Gualdi Francesco, Oliva Baldomero, Piñero Janet
Integrative Biomedical Informatics, Research Programme on Biomedical Informatics (IBI-GRIB), Hospital del Mar Medical Research Institute (IMIM), Department of Experimental and Health Sciences, Universitat Pompeu Fabra, C/Dr Aiguader 88, E-08003 Barcelona, Spain.
Structural Bioinformatics Lab, Research Programme on Biomedical Informatics (SBI-GRIB), Department of Experimental and Health Sciences, Universitat Pompeu Fabra, C/Dr Aiguader 88, E-08003 Barcelona, Spain.
NAR Genom Bioinform. 2024 May 14;6(2):lqae049. doi: 10.1093/nargab/lqae049. eCollection 2024 Jun.
Knowledge graph embeddings (KGE) are a powerful technique used in the biomedical domain to represent biological knowledge in a low dimensional space. However, a deep understanding of these methods is still missing, and, in particular, regarding their applications to prioritize genes associated with complex diseases with reduced genetic information. In this contribution, we built a knowledge graph (KG) by integrating heterogeneous biomedical data and generated KGE by implementing state-of-the-art methods, and two novel algorithms: Dlemb and BioKG2vec. Extensive testing of the embeddings with unsupervised clustering and supervised methods showed that KGE can be successfully implemented to predict genes associated with diseases and that our novel approaches outperform most existing algorithms in both scenarios. Our findings underscore the significance of data quality, preprocessing, and integration in achieving accurate predictions. Additionally, we applied KGE to predict genes linked to Intervertebral Disc Degeneration (IDD) and illustrated that functions pertinent to the disease are enriched within the prioritized gene set.

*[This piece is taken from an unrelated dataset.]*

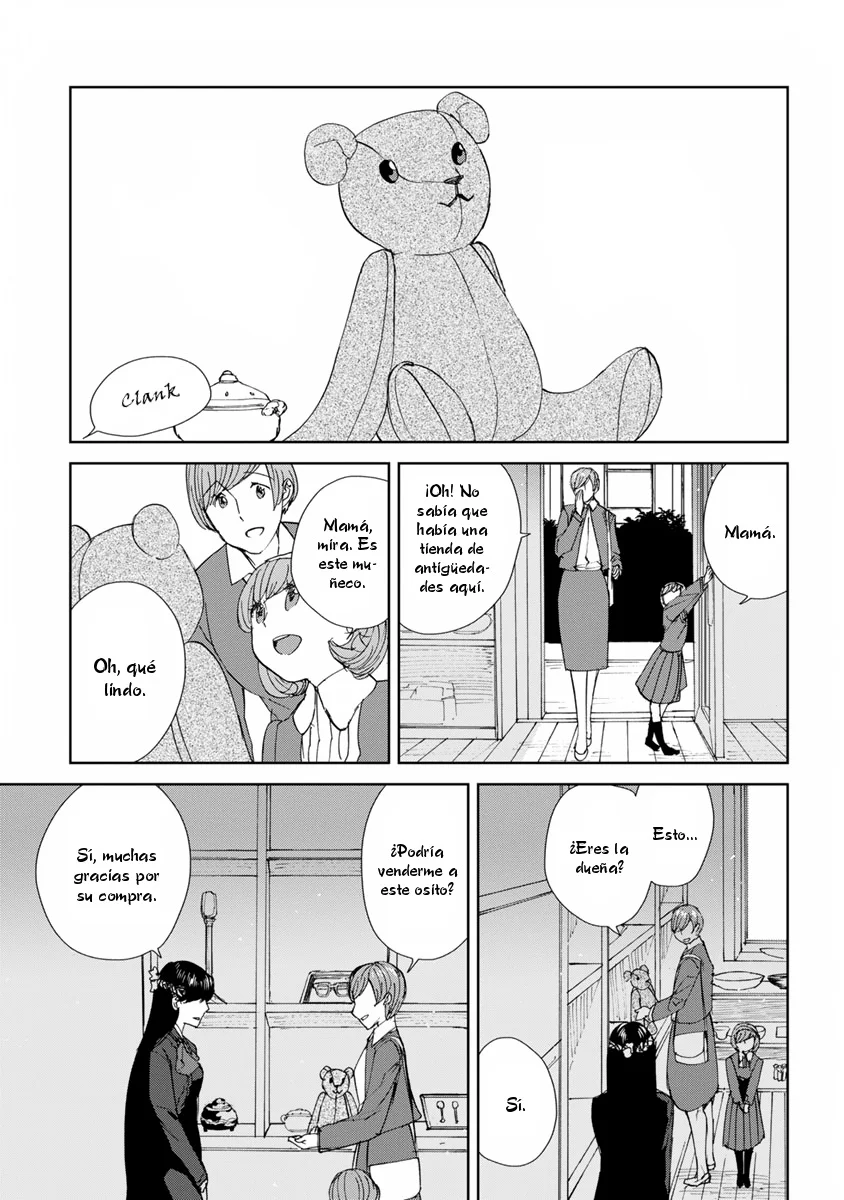 Rurimiya Mugen Kobutsuten Capítulo 49 - Page 21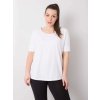 Dámske plus size farba tmavo-zelená kód RV-TS-6330.92P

知识图谱嵌入(KGE)是生物医学领域中用于在低维空间表示生物知识的一种强大技术。然而,对这些方法仍缺乏深入理解,尤其是在利用减少的遗传信息对与复杂疾病相关的基因进行优先级排序的应用方面。在本研究中,我们通过整合异构生物医学数据构建了一个知识图谱(KG),并通过实施最先进的方法以及两种新算法:Dlemb和BioKG2vec生成了KGE。使用无监督聚类和监督方法对嵌入进行的广泛测试表明,KGE可以成功用于预测与疾病相关的基因,并且我们的新方法在这两种情况下均优于大多数现有算法。我们的研究结果强调了数据质量、预处理和整合在实现准确预测中的重要性。此外,我们应用KGE预测与椎间盘退变(IDD)相关的基因,并表明在优先级基因集中富集了与该疾病相关的功能。